After a few photographs at the station it was a quick visit to the Lloyds No.1 Bar just round the corner. As it was only 1030 we suspected the 1100 beer rule may apply here too, so checking as we walked in it was amusing to see all the old blokes nursing mugs of coffee rather than pints of beer. So it was another coffee and a second bacon sandwich before the train to Ayr. As we had overtaken a coal train at Barassie we got off at Prestwick Town for 20 minutes in the hope of a picture, but it must have gone into a yard before it reached us because it never appeared. This put us an hour behind our initial schedule but ironically this gave us more time for photography at Saltcoats, though not before a quick visit to the Ayr branch of Wetherpoons for the first pint of the day.

Saltcoats, which is on the Ardrossan and Largs line, required a change of trains at Kilwinning. There is a short section where the line runs along the coast. I have visited here a few times as the line carries the coal trains to and from Hunterston. We had only just arrived when 66249 appeared.

Due to the strange nature of the line north from here we concluded there would be no more freight. Just after Saltcoats the line to Largs in effect becomes two single tracks. One carries traffic in both directions, freight to Hunterston and the hourly passenger service to and from Largs, whereas the other, as it has no platforms or overhead wires, can only be used by freight coming out.

We got the next train to Largs, where from the bus stop outside a regular service takes you towards Greenock. Having already done this journey a few years ago I knew it was less than 10 minutes on the bus before it passed the excellent station at Wemyss Bay, which is well worth a visit as it must be one of the nicest stations in Scotland. Time was tight so we stayed on the bus, though had I remebered the station had an excellent cafe and bar inside I may have been tempted to stop off.

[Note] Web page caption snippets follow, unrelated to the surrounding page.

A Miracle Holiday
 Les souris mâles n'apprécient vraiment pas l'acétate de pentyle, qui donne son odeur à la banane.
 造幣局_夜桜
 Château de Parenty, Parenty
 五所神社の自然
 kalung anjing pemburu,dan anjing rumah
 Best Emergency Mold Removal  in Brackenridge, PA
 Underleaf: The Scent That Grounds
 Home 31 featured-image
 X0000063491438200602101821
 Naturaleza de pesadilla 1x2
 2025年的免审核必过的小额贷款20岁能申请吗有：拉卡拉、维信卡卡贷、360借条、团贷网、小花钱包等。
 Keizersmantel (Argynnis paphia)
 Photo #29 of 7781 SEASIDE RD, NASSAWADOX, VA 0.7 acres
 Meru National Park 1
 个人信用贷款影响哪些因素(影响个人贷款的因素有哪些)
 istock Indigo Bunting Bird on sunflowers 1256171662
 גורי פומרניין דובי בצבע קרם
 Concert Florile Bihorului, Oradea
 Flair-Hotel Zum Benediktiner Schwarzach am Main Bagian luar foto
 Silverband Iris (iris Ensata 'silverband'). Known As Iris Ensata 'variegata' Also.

Instead, it was onto Greenock which, based on just a quick visit, doesn't appear to have too many redeeming features. The bus station is a long walk from Greenock Central station and it's not very obvious the best way to get there. As Tim hadn't ever done the line to the terminus at neighbouring Gourock we caught the train there. I was last there in 2009 when the station was in a very run down state. What a shame though they couldn't restore the old buildings and roof; instead they have knocked it all down. Yes the platforms are cleaner and neater, but the unpainted metal overhead stanchions really don't add to the ambience. Here's the comparison, two years apart.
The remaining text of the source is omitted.